Quando transparência e ética são a base dessa relação, a inteligência artificial deixa de ser um “bicho de sete cabeças” e se torna algo mais próximo de uma “Rosie” para o RH – capaz de mapear gaps organizacionais enquanto os humanos focam na inovação, guiados por insights estratégicos. Para Disneu Santiago, a confiança começa com a clareza sobre o propósito da coleta desses dados. “Os modelos de IA devem explicar como chegaram à análise. Assim, conseguimos identificar se o modelo foi enviesado de alguma forma. E, por meio do feedback dos colaboradores, também conseguimos corrigir decisões tomadas por algoritmos que não estejam alinhadas aos nossos valores.”

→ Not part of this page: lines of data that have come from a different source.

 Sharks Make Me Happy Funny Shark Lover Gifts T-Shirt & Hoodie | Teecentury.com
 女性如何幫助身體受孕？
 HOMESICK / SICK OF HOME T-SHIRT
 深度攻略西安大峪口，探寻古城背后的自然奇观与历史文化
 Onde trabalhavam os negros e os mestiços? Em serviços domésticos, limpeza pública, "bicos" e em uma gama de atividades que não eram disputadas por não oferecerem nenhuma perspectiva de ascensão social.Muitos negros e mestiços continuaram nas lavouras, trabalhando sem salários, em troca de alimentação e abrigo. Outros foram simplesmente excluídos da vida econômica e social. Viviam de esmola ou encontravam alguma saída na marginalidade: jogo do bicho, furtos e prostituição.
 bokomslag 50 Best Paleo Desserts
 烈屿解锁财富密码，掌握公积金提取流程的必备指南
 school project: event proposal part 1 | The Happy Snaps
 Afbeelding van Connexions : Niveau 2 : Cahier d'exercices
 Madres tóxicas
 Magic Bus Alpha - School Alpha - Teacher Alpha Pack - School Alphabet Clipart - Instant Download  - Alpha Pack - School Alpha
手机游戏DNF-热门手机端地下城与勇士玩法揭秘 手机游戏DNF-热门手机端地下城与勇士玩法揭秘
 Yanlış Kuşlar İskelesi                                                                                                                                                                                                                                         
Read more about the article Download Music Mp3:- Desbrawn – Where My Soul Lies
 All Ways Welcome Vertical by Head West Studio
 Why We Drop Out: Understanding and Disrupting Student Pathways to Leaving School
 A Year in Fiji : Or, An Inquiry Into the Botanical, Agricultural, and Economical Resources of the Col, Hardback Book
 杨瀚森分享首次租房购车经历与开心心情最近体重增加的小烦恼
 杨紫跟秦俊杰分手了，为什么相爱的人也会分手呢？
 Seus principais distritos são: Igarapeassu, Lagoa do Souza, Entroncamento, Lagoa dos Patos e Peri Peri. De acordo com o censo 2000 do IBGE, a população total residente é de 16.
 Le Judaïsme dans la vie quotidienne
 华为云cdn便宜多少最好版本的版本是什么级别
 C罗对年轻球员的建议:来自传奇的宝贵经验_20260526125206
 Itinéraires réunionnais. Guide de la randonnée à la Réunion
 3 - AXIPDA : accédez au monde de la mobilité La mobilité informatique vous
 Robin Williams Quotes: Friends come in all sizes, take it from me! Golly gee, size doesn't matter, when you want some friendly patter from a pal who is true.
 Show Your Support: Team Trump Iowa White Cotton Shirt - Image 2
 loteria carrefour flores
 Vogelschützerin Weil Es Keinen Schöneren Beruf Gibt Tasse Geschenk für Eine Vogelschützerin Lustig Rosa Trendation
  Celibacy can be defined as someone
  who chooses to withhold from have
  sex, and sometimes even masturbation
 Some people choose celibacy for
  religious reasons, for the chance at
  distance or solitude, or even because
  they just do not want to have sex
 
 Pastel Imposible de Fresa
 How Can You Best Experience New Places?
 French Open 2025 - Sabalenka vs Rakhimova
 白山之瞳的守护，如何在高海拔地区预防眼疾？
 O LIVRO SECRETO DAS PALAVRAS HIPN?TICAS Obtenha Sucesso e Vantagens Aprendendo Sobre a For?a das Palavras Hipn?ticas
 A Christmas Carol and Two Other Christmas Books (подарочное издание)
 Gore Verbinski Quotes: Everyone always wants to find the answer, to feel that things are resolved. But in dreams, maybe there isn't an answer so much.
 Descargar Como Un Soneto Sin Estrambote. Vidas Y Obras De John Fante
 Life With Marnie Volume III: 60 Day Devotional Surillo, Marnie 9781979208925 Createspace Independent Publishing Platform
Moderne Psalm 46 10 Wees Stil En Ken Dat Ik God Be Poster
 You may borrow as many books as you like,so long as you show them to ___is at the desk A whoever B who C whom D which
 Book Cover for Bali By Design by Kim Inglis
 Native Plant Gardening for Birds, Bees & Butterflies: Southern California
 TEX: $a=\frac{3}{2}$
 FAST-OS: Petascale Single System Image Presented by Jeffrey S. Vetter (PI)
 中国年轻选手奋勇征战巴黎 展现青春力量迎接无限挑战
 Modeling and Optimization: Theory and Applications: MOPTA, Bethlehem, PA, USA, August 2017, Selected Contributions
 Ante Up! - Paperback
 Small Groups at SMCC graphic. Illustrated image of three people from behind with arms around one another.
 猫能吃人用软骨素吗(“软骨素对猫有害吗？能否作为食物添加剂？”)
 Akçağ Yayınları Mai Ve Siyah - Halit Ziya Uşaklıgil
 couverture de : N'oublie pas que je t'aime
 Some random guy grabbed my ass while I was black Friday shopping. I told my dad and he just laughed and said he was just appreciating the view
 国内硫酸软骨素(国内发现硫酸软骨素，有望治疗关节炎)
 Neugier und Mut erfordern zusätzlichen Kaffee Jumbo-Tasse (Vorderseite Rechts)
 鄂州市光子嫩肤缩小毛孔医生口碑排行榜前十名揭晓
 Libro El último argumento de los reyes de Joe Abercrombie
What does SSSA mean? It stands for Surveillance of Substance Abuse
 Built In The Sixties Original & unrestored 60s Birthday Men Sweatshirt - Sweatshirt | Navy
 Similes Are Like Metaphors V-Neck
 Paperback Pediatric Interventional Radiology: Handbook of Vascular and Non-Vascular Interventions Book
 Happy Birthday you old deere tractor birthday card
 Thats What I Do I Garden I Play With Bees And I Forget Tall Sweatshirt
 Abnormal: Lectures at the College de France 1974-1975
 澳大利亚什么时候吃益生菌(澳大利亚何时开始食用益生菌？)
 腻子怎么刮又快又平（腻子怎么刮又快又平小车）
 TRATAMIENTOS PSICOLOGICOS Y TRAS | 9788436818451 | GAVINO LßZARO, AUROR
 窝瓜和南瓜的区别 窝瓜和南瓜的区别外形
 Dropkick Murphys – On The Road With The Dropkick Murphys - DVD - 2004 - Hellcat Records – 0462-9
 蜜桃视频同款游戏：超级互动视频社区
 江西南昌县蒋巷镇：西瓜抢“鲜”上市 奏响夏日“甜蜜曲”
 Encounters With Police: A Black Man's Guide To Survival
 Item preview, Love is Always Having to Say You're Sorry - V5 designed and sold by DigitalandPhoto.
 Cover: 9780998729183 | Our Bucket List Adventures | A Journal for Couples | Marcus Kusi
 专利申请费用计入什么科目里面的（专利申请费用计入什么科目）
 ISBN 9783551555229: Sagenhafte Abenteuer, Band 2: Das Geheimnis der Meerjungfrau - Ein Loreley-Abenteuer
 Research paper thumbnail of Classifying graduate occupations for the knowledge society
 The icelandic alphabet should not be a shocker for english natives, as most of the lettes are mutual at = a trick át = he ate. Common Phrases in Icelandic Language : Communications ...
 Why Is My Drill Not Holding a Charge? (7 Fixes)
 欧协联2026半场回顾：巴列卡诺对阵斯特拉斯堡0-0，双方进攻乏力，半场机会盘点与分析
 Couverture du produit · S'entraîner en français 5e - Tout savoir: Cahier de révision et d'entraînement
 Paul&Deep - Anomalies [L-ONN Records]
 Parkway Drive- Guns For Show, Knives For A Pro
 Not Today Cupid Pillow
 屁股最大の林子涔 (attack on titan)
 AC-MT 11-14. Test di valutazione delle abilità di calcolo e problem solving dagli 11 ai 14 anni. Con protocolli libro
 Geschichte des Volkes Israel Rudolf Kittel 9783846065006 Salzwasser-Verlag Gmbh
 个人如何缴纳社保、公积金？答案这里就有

Para o porta-voz da HCLTech, três fatores são indispensáveis nesse processo: cultura de feedback, transparência e comunicação. Essa tríade, quando aplicada à gestão de pessoas, não só fortalece a confiança dos colaboradores (inclusive em relação à IA), mas também desperta em cada um deles uma mentalidade de inovação, conectada aos desafios organizacionais. “Quando somamos esses três pilares, conseguimos demonstrar para a organização o ‘nosso porquê’ e de onde vêm nossas decisões”, crava Disneu.

IA e inovação
Foto: imagem gerada por IA – DALL·E

A ética como guia

Na gestão de pessoas, alinhar a tecnologia aos valores e à cultura da empresa é o que diferencia uma aplicação estratégica de uma abordagem fria e impessoal. Mais do que transformar dados em números, a IA deve ser usada com propósito – afinal, inovação não é apenas sobre avanços tecnológicos e resultados, mas sobre como eles podem promover o bem-estar. Felipe Corrêa, consultor em Gestão de Projetos e Inteligência Artificial, reforça que o equilíbrio entre transparência sensibilidade é indispensável nesse contexto. “Para garantir que as análises sejam interpretadas de forma ética e sensível, o RH deve adotar práticas que combinem a objetividade dos dados com a sensibilidade humana”, pontua.

Isso significa deixar claro como os dados serão utilizados e assegurar que o objetivo seja melhorar o ambiente de trabalho, e não vigiar ou penalizar, sempre respeitando a privacidade dos envolvidos. Felipe explica que os dados precisam ser tratados de forma anônima e agregada, protegendo a identidade individual. Imagine uma análise que aponta baixa satisfação em uma equipe, e o RH decide expor indivíduos específicos. O resultado seria desastroso. “A ideia dos dados é apontar uma oportunidade de melhoria e agir no problema”, destaca.

Além disso, ele ressalta que, embora a IA seja muito eficiente, ela não opera sozinha. A validação humana é indispensável para dar contexto. “Se a IA detecta alta rotatividade em um departamento, é fundamental conversar com gestores e equipes para verificar as causas, como problemas de liderança ou condições de trabalho que o algoritmo, por si só, não consegue capturar”, esclarece. Como Felipe bem coloca, a IA não é como um oráculo “que tudo sabe e tudo vê”, com todas as respostas. O olhar humano é o que garante sua eficácia. “Não é para terceirizar tudo. A IA traz uma análise dos dados, mas o que fazer com isso, depende da gente.”